Ask HN: Who was your most impressive hire? - samblr
Share your hiring experience of getting best person for the job.
======
pplante
This person is someone I would hire over and over again, but they are a
private person so I won't out them.

About 5 years ago I saw someone post a project to HN. The project dealt with
stock predictions, and wasn't really unique. However it was some of the
cleanest hobby code, tests, and documentation I had seen a single person churn
out for an experiment. I cold emailed them and brought them in for an
interview the next morning. They were very shy and kinda confused why I was
interested, but I felt something about this individual that I couldn't
explain. Gave them an offer on the spot and they started the following week.

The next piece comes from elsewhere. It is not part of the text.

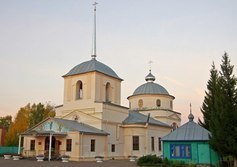 Свято-Вознесенский храм в местечке Кируль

They were the model citizen of work ethic and quality that most of the team
took their cue from. Over the years they left the company and I eventually
rehired them. I would again in a heartbeat. Personally and professionally they
grew so much while I worked with them, with a dedication to goals that I
really admire.

I'll never forget that person I took a gamble on and saw a tremendous ROI on
everything they touched.

------
3pt14159
This dude as a Senior Dev about half a decade back:

[https://github.com/caueguerra](https://github.com/caueguerra)

I wish I could replicate that hire on demand, but I did the same thing I
always do.[0]

Now, he's not the _only_ hire that has truly impressed me, but the company he
joined soon came under a hard time. It wasn't under the best leadership[1] and
he took the lead in a challenging project freeing me to handle other fires,
his communication was so clear and timely I never worried. He managed code
review and professional development without nagging, and he was adept at
identifying strengths and weaknesses in the team. He was capable of
understanding the shortcoming of the executive team, without bringing down the
rest of engineering. Oh, and of course the architectural decisions he made and
the code he produced was just rock solid.

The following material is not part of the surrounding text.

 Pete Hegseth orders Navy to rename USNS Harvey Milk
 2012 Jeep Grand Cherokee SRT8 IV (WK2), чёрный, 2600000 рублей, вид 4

[0] Ask for code samples, go through them with a fine tooth comb, filter early
and aggressively. In the interview focus on technology decisions with
questions agreed to beforehand that are tailored to the task and experience.
Really try to make the experience relaxing. If in doubt, schedule a second in-
person interview with some positive feedback from the first.

[1] I count myself in this as well. I was 27 and too young to be a C-level. I
couldn't handle the stress of anxious dev team and an erratic and emotional
CEO.

------
YouKnowBetter
A person who send their resume with no directly relevant experience (being
fresh out of school) but listed an array of holiday jobs that got me
intrigued.

During the interview, it took me 10 minutes to make the decision to give him a
change. He took it and owned it. Worked hard, learned fast and had a great
personality making my other coders (8) feel more at ease, motivated, honest
and communicative.

Since then, I make sure HR does not hard filter all responses and try to give
at least 1 or 2 outliers a change. Results are what you expect :)

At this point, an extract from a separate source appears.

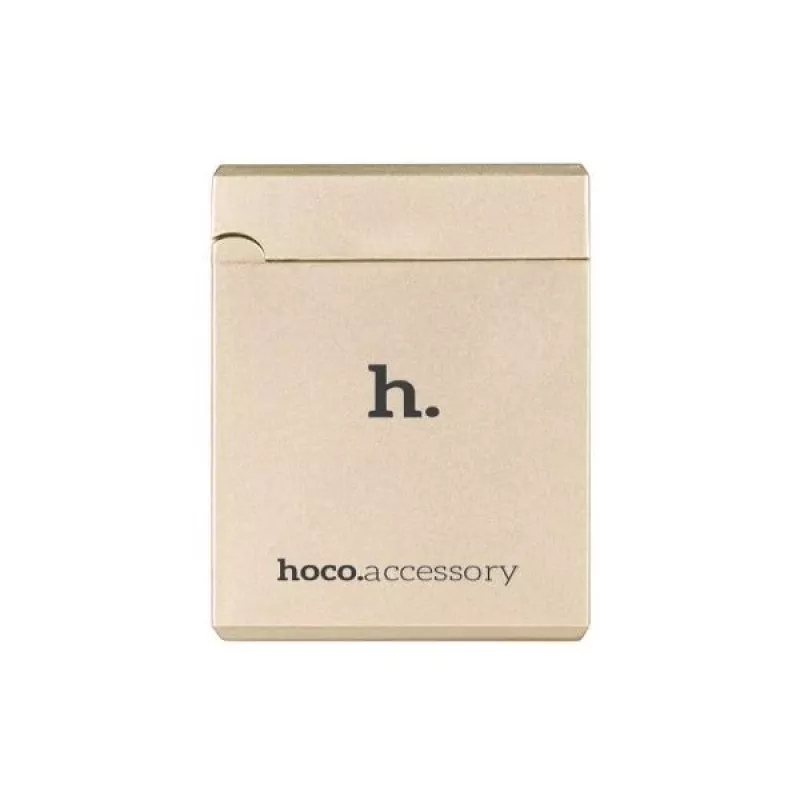 Hoco Apple Lighter UPL17 Gold USB-A uz Lightning kabelis 1,2m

One other great hire was a person that came back into the industry (coding)
after a 10-year break (children). Over performed like nobody I have ever seen.
She is now a C level at a very large international company, x times my senior.

------
JoeAltmaier
Hired a business student to process Comstock satellite feed, asked "Can you
program in C++?" "Yes," he lied, "can I come in this weekend to get a head
start?"

He learned to program in C++ that weekend and hit the ground running on
Monday. Two weeks later he came to me, asked "What is this 'new' and 'delete'
stuff about?" I told him, he said "Wow that would be really handy".

Anyway 5 years later he was a Fellow at Adobe.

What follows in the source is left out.